“Come l’arancio amaro” di Milena Palminteri non è affatto un cattivo libro, anzi. È una di quelle opere in cui non sembra esserci una parola di troppo o una frase lasciata al caso, e questo può essere un difetto. Un primo scoglio si incontra nelle prime venti pagine, che coincidono quasi del tutto con ciò che viene anticipato già dalla prefazione. Anzi, viene il sospetto che chi l’ha scritta si sia limitato a leggere appena il primo capitolo, fermandosi lì senza proseguire oltre. Queste prime pagine risultano dense di luoghi comuni, la donna siciliana oppressa dal patriarcato, la Sicilia schiacciata dalla mafia, i meccanismi di potere fondati sulla paura e sull’omertà. Temi importanti, certo, ma trattati con un taglio che sa un po’ di manuale scolastico, quasi didascalico. Si ha l’impressione che l’autrice voglia spiegare al lettore ciò che, in realtà, la trama ben costruita avrebbe potuto mostrare da sola, con maggiore efficacia e senza appesantimenti. È un difetto di forma, più che di contenuto, manca la poesia, manca quella sottile capacità di evocare senza necessariamente dichiarare.
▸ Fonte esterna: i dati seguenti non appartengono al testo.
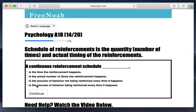For example, if you were awarded each time you performed the desired behavior, that's what we call a continuous reinforcement schedule. If you were awarded only at certain times when the desired behavior was performed, that's what we call a partial reinforcement schedule.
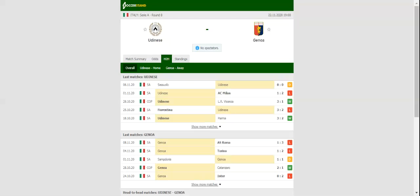Il Rossoblu, on the other hand, made a slow start to the season, with the team collecting only 5 points from a possible 21.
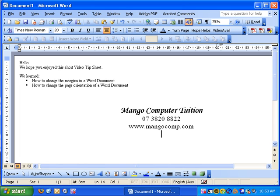Thank you for watching our tip sheet. We hope it helps you. You can check with Mango Computer. There are many more video tip sheets available to help you in lots of aspects of your computing. Goodbye now.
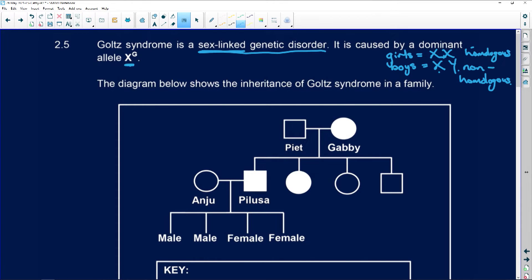Females have 23 pairs of homologous chromosomes. Males have 22 pairs of homologous chromosomes and one non-homologous chromosome set.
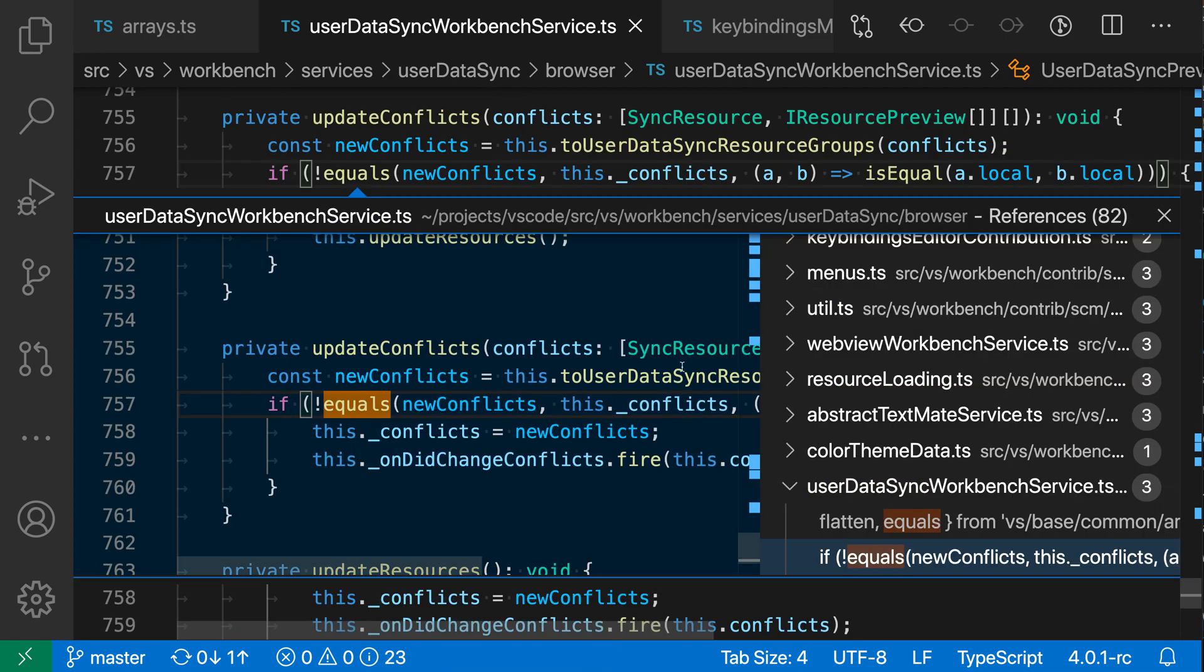And what this will do, my current editor is still open here but it's opened this inline peak view that is actually showing a list of all the references. You can see the total reference count up here so there's 82 other references.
In questo incipit, invece, sembra di assistere a una lezione di educazione civica travestita da narrativa. La scelta del siciliano - o meglio, di un italiano intessuto di dialettismi e cadenze locali - è però un contrappeso prezioso. Rende la lettura gustosa, con un sapore autentico che sa di terra e radici. È proprio questo vernacolo a salvare le prime pagine dalla noia e a invogliare il lettore a proseguire. Anche la descrizione dei rapporti sociali che consentono alla mafia di mantenere il proprio dominio negli anni venti del novecento, pur ricordando certi passaggi alla Verga, finisce per risultare meno incisiva del dovuto, ben scritta, ma non sorprendente. Tuttavia, superata questa soglia iniziale, il romanzo prende il largo e acquista ritmo. È come se la scrittrice, dopo una partenza faticosa, si fosse lasciata finalmente andare, trovando una voce più naturale e fluida. Dal terzo capitolo in poi, la narrazione si apre e il romanzo prende corpo. La scena della corriera, ad esempio, è brillante e restituisce con vivacità l’atmosfera di un piccolo mondo che si muove e parla. Tuttavia, qui tutti quei padri, quelle madri, cognati, comari, vedovi, zitelle, cornuti, un’umanità corale, certo affascinante, confonde il lettore, che si perde dietro i nomi e fatica a ricordare chi sia chi, quale ruolo svolga e in quale legame di parentela si trovi rispetto agli altri. L’impressione è quella di un affresco siciliano che, per la sua densità, finisce per somigliare a una sorta di Signore degli Anelli trasposto a sud, dove i personaggi affollano la scena al punto da sovrastare, talvolta, il filo narrativo principale.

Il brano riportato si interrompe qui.